Lionnes et gazelles

Lettre ouverte à mes sœurs qui portent le voile intégral

Par Mehrézia Labidi-Maïza*

Rédigé par Mehrézia Labidi-Maïza | Mardi 6 Juillet 2010 à 11:07



Chères sœurs,
Que la paix de Dieu soit avec vous,

Nous voilà au mois de juillet, le vote de la loi interdisant le niqab approche. De toute évidence, une majorité de députés de tout bord vont voter « oui ». Les voix qui se sont exprimées contre cette loi, en mettant en évidence son caractère liberticide, n’ont pas eu d’échos chez les politiques. Nous ne pouvons en aucun cas rejeter toute la responsabilité sur ces derniers et sur l’islamophobie ambiante car nous aussi, musulmans et surtout musulmanes, devons nous poser des questions, revoir nos priorités et prendre en compte les effets positifs et négatifs de la manifestation de notre religiosité dans la société.

Sans aucun doute, notre tenue vestimentaire à nous, femmes musulmanes pratiquantes, est l’une des manifestations les plus importantes de la présence musulmane dans la société française.
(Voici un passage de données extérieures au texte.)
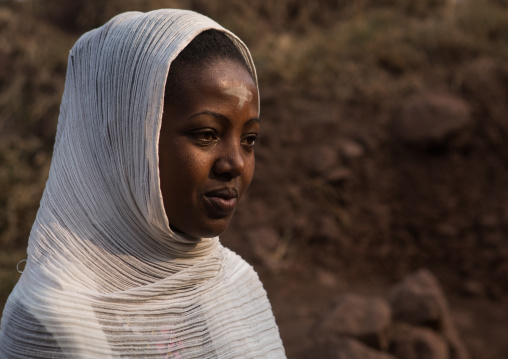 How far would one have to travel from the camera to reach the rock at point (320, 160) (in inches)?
248

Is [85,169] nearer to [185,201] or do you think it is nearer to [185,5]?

Est-il sage de la pousser à des extrêmes tels que le port du voile intégral (niqab) ? Est-ce rendre service à l’image de l’islam que de sortir dans la rue la face couverte? Est-ce vraiment une pratique prônée et recommandée par l’éthique islamique authentique ?
Et si les femmes étaient le visage de l’islam qu’il faut montrer et non cacher ? Quelle est la juste valeur de la lecture qui fait l’apologie du retrait physique ou symbolique de la femme musulmane de la vie sociale : est-elle la plus fidèle au texte ou la plus fermée ?

Toutes ces questions et d’autres encore méritent d’être posées par nous, femmes musulmanes, aux sources et aux référents religieux anciens et modernes. Poser les questions est nécessaire mais non suffisant, car il faut s’y atteler pour trouver les réponses. Les femmes doivent y contribuer !

Rechercher le savoir avec audace

Nous ne sommes pas que des « consommatrices » des avis religieux et des « règles » posées pour nous par des hommes. Il nous incombe de rechercher le savoir avec autant d’audace que nos devancières, les premières musulmanes et toutes celles qui ont construit la culture et la civilisation musulmane aux côtés des hommes. Ces femmes qui avaient, entre autres, suscité la révélation d’une partie de sourates du Coran, celles qui appliquaient comme il se doit le verset qui dit que les croyants et les croyants sont solidaires et coresponsables de la mission d’ordonner le bien et d’interdire le mal.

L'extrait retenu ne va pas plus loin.